To convert examples into minibatch format, you can use `concat_examples` function in `chainer.dataset`.

Its return value is in format `([x_array], [t array], ...)`

In [24]:
from chainer.dataset import concat_examples

data_minibatch = concat_examples(examples)

#print(data_minibatch)
#print('data_minibatch type: {}, len: {}'
#      .format(type(data_minibatch), len(data_minibatch)))

x_minibatch, t_minibatch = data_minibatch
# Now it is array format, which has shape
print('x_minibatch = {}, type: {}, shape: {}'.format(x_minibatch, type(x_minibatch), x_minibatch.shape))
print('t_minibatch = {}, type: {}, shape: {}'.format(t_minibatch, type(t_minibatch), t_minibatch.shape))

x_minibatch = [0 1 2 3], type: <class 'numpy.ndarray'>, shape: (4,)
t_minibatch = [0 1 4 9], type: <class 'numpy.ndarray'>, shape: (4,)


### DictDataset

TBD

The important point is that `get_example` function is called every time when the data is accessed by [] indexing.

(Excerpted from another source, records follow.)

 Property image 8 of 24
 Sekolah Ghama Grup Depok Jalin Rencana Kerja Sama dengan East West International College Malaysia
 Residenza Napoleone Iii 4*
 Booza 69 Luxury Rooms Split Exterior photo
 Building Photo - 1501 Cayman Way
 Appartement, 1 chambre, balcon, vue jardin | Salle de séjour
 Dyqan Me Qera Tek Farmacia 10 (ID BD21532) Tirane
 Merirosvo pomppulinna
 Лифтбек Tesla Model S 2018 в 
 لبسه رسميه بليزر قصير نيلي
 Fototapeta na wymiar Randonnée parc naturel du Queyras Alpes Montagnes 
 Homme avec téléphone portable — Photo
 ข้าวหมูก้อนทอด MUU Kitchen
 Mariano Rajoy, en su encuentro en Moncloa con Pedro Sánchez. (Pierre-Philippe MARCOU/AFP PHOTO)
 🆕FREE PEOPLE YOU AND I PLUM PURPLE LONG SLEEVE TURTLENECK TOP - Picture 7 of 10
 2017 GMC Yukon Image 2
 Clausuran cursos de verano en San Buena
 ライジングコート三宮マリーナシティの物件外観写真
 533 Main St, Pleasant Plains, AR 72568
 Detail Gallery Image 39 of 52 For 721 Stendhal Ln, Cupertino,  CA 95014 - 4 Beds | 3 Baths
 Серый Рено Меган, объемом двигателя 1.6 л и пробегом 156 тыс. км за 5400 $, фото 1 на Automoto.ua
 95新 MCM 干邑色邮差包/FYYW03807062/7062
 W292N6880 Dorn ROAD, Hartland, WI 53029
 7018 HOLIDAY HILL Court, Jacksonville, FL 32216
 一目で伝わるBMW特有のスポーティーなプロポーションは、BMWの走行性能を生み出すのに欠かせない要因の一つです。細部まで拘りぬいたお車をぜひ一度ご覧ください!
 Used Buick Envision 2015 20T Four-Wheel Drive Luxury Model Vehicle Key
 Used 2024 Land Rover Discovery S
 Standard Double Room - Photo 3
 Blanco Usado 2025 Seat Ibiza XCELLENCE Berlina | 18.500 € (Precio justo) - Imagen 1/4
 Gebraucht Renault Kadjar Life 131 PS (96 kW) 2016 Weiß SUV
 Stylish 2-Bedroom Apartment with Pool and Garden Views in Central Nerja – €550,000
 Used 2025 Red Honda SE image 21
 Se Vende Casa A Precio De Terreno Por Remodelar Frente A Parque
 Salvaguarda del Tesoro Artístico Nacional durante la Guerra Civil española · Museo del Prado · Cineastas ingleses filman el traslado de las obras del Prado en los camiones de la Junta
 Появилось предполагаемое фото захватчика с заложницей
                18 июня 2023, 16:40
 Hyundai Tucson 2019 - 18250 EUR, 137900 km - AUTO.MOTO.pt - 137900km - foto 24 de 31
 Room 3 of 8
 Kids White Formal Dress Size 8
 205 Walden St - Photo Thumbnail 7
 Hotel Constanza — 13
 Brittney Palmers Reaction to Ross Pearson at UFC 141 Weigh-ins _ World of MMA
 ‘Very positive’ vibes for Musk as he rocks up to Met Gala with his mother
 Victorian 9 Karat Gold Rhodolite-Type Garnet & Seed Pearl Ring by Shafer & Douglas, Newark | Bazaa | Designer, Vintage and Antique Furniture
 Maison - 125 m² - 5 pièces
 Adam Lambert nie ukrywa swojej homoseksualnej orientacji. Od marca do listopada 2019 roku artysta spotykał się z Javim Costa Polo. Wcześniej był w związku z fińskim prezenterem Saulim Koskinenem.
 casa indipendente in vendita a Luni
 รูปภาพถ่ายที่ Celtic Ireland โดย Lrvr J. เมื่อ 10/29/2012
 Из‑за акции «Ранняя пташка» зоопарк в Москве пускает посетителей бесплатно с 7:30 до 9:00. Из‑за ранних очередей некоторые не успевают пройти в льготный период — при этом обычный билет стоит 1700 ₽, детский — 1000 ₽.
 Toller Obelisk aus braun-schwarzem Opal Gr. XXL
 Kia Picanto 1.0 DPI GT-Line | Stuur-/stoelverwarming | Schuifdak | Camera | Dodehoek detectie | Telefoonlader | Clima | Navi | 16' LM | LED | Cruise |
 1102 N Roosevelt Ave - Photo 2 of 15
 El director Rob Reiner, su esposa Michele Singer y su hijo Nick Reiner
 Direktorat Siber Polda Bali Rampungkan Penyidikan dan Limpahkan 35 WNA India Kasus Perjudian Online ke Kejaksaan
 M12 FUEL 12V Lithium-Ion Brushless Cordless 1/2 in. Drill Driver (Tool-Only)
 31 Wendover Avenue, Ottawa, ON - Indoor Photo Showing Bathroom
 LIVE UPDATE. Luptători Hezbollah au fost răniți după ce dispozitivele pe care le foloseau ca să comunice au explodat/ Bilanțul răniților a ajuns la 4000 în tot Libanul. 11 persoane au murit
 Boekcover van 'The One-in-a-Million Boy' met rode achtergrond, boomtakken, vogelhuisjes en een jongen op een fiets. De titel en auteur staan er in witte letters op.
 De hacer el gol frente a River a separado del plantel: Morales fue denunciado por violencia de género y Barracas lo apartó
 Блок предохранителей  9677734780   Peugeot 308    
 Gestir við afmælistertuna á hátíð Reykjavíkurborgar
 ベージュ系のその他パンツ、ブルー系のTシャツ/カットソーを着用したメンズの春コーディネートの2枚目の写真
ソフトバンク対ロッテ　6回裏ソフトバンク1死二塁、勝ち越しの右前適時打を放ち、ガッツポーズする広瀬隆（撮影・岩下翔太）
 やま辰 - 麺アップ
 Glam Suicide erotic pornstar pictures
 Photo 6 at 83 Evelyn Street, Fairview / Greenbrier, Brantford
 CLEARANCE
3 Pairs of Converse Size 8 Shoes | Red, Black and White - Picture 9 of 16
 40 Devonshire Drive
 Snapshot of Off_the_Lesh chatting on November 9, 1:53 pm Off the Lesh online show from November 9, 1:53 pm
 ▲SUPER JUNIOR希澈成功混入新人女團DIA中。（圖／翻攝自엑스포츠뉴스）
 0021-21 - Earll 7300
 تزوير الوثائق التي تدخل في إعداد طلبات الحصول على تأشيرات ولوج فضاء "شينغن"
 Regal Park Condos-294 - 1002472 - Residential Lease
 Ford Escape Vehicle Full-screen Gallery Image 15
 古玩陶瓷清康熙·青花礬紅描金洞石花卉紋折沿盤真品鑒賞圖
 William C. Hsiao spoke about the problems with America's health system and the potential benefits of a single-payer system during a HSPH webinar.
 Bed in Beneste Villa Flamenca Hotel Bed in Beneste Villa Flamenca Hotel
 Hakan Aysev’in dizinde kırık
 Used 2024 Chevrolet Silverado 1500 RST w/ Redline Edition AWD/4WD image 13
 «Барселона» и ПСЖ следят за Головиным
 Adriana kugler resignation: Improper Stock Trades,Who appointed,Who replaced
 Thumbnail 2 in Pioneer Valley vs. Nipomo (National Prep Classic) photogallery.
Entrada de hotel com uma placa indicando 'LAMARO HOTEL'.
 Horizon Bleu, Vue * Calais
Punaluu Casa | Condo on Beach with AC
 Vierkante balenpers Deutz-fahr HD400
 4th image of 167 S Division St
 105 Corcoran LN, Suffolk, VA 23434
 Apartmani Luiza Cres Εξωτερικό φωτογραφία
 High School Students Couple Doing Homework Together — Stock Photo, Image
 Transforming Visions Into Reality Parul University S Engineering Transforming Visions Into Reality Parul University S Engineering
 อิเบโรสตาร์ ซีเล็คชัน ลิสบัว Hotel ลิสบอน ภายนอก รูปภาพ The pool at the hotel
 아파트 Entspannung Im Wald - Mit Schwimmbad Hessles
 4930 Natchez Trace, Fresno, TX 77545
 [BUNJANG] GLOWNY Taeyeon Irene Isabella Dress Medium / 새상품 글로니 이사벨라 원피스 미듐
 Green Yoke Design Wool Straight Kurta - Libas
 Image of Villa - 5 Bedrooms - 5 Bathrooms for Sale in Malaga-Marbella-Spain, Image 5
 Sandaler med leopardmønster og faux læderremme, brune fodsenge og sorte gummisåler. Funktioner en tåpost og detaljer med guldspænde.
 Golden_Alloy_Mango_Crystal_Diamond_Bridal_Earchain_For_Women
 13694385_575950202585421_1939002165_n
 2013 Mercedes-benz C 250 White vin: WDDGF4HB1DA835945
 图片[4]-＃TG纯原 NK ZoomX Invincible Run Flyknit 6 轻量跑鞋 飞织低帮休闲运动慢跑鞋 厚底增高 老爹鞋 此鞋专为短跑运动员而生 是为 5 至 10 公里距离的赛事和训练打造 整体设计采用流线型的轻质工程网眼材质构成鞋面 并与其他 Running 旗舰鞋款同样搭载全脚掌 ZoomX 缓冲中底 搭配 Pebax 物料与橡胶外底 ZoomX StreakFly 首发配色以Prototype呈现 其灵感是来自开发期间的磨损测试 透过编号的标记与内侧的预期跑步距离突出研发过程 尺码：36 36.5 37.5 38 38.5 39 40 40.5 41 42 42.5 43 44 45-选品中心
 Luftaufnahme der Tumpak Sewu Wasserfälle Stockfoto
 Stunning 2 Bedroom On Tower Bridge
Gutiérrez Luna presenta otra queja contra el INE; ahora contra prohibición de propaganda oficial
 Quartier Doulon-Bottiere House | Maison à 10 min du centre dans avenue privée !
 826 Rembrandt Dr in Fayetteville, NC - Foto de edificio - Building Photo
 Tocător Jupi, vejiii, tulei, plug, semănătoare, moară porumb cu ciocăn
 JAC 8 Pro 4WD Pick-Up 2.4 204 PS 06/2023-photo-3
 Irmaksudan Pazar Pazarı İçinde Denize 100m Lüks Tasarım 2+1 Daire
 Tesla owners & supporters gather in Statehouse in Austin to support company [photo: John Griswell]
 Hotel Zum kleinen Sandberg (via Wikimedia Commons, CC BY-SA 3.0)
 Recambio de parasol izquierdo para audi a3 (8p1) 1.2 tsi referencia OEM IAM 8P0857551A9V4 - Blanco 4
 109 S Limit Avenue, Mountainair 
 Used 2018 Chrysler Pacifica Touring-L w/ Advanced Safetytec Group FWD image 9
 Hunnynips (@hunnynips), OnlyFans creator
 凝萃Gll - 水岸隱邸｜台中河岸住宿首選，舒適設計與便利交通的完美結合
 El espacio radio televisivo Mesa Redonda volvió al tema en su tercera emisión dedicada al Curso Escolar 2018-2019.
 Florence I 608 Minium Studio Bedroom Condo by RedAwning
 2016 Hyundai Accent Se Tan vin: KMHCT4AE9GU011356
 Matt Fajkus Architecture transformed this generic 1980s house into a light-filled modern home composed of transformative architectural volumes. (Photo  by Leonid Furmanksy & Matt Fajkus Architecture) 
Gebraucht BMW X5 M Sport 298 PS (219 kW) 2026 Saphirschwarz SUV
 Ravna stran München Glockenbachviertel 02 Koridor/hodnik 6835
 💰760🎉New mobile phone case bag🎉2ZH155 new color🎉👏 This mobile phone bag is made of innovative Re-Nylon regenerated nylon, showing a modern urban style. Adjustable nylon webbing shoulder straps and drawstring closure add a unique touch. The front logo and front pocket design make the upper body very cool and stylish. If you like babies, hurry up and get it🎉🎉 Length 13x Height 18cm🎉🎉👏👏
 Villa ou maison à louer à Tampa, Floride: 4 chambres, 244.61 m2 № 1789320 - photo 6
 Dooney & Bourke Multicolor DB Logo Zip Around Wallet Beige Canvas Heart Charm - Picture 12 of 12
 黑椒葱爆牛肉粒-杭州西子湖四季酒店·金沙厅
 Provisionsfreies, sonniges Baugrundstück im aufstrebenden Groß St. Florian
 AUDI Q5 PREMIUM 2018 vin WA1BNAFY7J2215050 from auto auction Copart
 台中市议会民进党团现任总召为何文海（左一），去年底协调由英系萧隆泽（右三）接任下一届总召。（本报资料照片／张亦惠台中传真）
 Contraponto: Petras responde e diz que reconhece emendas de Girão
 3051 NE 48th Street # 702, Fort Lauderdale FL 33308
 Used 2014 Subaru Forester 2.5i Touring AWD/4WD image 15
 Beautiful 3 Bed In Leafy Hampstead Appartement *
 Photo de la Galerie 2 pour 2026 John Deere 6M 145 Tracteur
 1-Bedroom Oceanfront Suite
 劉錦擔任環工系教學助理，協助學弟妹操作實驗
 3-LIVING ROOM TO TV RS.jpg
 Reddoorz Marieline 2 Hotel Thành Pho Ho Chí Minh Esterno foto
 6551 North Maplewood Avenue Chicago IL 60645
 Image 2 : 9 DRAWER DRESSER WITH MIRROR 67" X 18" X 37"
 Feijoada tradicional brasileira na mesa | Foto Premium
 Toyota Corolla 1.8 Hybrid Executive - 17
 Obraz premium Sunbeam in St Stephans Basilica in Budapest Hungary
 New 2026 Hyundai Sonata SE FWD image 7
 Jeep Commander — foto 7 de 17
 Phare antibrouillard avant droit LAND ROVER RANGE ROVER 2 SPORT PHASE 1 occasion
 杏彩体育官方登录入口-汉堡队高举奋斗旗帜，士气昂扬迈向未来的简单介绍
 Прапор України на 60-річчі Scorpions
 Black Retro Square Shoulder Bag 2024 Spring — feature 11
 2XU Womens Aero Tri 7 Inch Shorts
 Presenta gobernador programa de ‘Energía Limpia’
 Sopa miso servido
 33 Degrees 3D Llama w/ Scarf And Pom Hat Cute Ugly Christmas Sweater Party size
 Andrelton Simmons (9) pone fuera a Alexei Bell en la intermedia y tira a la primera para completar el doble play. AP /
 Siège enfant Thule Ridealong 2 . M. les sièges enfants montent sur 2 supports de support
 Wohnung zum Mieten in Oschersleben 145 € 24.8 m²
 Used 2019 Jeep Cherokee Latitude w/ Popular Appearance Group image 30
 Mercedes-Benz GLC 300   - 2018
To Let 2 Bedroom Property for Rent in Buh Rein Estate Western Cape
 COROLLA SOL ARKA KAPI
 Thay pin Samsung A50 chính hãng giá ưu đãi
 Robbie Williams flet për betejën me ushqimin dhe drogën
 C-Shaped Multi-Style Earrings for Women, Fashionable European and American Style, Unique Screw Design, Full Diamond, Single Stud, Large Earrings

Thus you may put random value generation for data augmentation code in get_example.

### ImageDataset

TBD

Let's see a concrete example to create new dataset from original tuple dataset by adding a small noise.

### LabeledImageDataset

TBD

To convert examples into minibatch format, you can use `concat_examples` function in `chainer.dataset` in the sameway explained at TupleDataset.

### SubDataset

TBD

It can be used for cross validation.

In [4]:
datasets.split_dataset_n_random()

## Implement your own custom dataset

You can define your own dataset by implementing a sub class of `DatasetMixin` in `chainer.dataset`

## DatasetMixin

If you want to define custom dataset, `DatasetMixin` provides the base function to make compatible with other dataset format.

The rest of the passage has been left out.